At this point, we should ask ourselves why we even bother resampling. It’s not completely clear to me, but it has to do with how we constantly rescale the weights downwards. In general, it’s not a good idea to have such small weights, because then the more evidence we have, the more likely we will just have a bunch of zero-probability particles. In other words, most particles end up in low-likelihood places in the state space. Still, I don’t quite buy some of the textbook explanations on this because couldn’t we just perform the computations in log space?

1. I know it says the words “DRAFT” there, because I copied these images from an online version of the book. However, I did buy a hard copy of the book, so I think it is fine for me to do this (i.e., not illegal). If I did not have that online version, I would have taken a picture of the book with a cell phone, but then the figure would not have been perfectly flat.
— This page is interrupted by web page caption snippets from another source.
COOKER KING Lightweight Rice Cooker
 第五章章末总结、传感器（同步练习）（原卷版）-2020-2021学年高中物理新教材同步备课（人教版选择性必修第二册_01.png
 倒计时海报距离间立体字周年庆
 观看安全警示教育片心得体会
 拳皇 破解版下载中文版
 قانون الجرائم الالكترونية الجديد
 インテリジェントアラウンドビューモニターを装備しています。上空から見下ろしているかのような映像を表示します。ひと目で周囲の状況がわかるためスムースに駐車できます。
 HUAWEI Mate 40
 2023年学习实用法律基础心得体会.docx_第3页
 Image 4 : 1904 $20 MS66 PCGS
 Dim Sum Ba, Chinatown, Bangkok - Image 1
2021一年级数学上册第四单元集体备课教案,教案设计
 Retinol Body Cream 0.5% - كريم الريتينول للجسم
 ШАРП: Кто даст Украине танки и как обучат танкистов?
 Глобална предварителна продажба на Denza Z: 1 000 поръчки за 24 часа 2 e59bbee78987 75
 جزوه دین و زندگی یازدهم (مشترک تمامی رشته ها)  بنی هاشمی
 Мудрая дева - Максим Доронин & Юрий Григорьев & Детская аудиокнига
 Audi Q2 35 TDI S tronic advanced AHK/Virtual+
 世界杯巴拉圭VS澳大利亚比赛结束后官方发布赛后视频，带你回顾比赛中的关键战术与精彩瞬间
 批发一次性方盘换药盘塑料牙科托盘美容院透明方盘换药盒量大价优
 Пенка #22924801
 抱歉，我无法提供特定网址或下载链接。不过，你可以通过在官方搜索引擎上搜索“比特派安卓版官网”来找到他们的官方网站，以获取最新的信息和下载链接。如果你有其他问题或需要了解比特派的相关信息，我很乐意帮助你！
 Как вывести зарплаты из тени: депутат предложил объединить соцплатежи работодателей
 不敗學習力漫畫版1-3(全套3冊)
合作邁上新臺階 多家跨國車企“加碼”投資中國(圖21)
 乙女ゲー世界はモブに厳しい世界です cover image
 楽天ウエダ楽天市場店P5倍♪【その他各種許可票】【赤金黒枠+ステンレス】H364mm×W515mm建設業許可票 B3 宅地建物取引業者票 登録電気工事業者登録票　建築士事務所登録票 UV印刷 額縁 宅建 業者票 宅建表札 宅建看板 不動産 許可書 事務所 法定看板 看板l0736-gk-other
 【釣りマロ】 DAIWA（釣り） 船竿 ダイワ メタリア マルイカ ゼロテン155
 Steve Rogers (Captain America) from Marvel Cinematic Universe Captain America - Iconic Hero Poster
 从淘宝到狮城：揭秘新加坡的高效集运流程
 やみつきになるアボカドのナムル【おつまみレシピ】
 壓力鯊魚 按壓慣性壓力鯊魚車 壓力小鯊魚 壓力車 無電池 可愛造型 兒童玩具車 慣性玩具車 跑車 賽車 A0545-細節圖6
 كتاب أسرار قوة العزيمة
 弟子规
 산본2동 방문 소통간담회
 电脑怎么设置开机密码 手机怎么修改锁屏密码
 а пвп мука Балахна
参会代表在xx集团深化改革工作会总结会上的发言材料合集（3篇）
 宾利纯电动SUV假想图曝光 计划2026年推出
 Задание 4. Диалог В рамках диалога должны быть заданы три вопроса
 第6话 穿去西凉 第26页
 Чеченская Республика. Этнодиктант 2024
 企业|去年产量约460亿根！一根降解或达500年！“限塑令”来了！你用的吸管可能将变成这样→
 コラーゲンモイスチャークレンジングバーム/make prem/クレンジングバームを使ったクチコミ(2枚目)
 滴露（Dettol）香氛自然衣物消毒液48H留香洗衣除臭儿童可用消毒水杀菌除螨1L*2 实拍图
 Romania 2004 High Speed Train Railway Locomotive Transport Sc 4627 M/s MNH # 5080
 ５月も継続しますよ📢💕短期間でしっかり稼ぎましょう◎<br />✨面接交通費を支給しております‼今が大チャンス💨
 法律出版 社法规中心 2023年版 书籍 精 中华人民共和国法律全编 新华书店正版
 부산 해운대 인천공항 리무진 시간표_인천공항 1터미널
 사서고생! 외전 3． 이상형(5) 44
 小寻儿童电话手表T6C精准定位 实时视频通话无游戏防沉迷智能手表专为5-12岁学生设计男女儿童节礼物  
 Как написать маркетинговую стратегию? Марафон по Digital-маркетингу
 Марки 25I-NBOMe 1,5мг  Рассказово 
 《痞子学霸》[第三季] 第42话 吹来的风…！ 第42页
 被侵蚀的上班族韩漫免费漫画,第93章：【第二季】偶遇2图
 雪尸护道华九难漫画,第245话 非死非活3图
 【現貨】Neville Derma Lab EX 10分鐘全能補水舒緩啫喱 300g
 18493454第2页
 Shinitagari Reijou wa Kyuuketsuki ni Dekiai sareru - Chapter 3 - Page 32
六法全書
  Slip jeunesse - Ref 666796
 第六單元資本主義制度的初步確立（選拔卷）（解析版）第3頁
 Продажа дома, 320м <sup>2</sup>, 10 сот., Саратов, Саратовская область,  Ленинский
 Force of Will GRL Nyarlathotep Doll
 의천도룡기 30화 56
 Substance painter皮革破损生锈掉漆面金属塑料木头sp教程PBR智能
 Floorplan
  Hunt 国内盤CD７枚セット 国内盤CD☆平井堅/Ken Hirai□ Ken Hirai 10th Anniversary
2. In the EM chapter, Russell says that his forward-backward algorithm can be slightly modified for the EM case.

3. In other words, the variable elimination algorithm would be able to push the summation sign for those variables and isolate them to the right. They would sum up to one and thus are irrelevant.

4. I apologize if this is not clear. I think the easiest way to understand this is that this is still normal variable elimination, so it suffers from the sample computational complexity problems. What makes this confusing is that we tend to have one hidden variable $X_t$, but that hidden variable can actually taken on different realizations. But what is happening here (and which Russel and Norvig discuss in their book) is that our $X_t$ variable represents a set of state variables. As the set increases in size, the process of summing out will require as many sums as there are state variables. At first, I thought the intractability came from how our one hidden variable could take on many values, but the intractability is actually when we have multiple hidden variables (and we would just use $X_t$ as shorthand to represent all of them). But both views can be made compatible if we have one mega-variable that takes on values from each state variable into one realization.

5. I hope I’m thinking about this correctly. I think the issue is that when we sample, we assume we only know the CPTs, which only express node-parent relationships, so there is no notion of sampling in the “opposite direction” where we could sample a node based on the value of its children, even though those values do depend on each other according to the Bayes Ball algorithm.